July’s CPI increased +0.5% month-on-month and climbed +5.4% on an annual basis. Whilst the CPI figure remains elevated, July’s data release showed inflation was steadier than in prior months with June’s figure rising +0.9% from the month prior. 

Pent up demand for travel and restaurants underpinned July’s CPI with the figure ultimately jumping in line with analyst expectations.

Core inflation, which excludes volatile items such as energy and food, rose by +0.3% which was slightly below expectations in another sign inflation is rising gradually but not too quickly.

Like many, we are cautious of the impact a faster-than-expected inflationary rebound can have on markets. Rising bond yields are typically a reflection or indication that interest rates may need to rise to combat excess demand and inflationary pressures.

We saw yields on 10-year Treasury notes climb higher for much of last year and the first few months of this year peaking at over 1.70%, however, we have since seen yields tighten falling to a low of 1.20% and more recently to 1.37%.

The impact of the Delta variant and the Federal Reserve’s commitment to maintaining its accommodative monetary policy stance has provided investors with further reassurance that interest rates are unlikely to change in the near term.

We believe this is the most sensible approach in the interim with the main focus for global economies to remain ‘open’ whilst managing the spread of the Delta variant.

US equities rose +0.7% for the week.

Confidence impacted by lockdowns

It was a case of when the lockdowns would flow through to confidence levels, not if.

The shut-down in NSW, VIC, QLD, SA and more recently the ACT can only carry on for so long restricting movement and forcing non-essential businesses to close before confidence levels start to crater.

And that is exactly what we saw in the latest NAB Business Confidence numbers which showed business confidence decline sharply.

The decline in confidence was evident across all states with all industries except for mining and construction falling back in negative territory. By state, NSW as to be expected is now weakest and well into negative territory.
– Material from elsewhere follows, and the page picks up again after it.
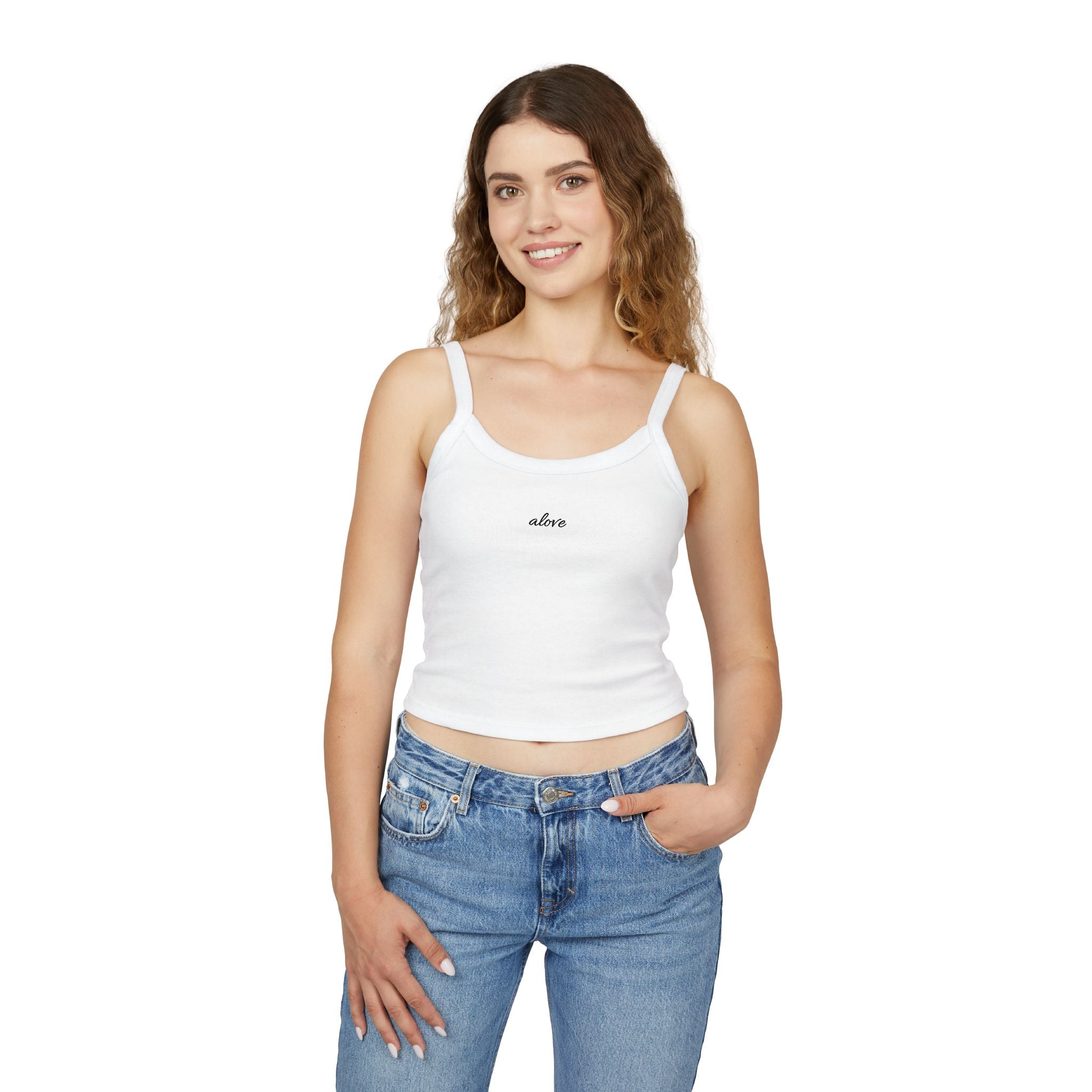 QFF Spaghetti Strap Tank Top — Minimal Monogram Crop Top for Women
Business conditions also fell on the back of declines in trading (-20pts), profitability (-19pts) and employment (-8pts) sub-indexes.

Forward looking indicators weakened further and point to ongoing weakness in conditions in the near-term. Forward orders fell sharply and are back in negative territory while capacity utilisation softened further. Lower capacity utilisation and a fading pipeline has the potential to see a fall in hiring and investment.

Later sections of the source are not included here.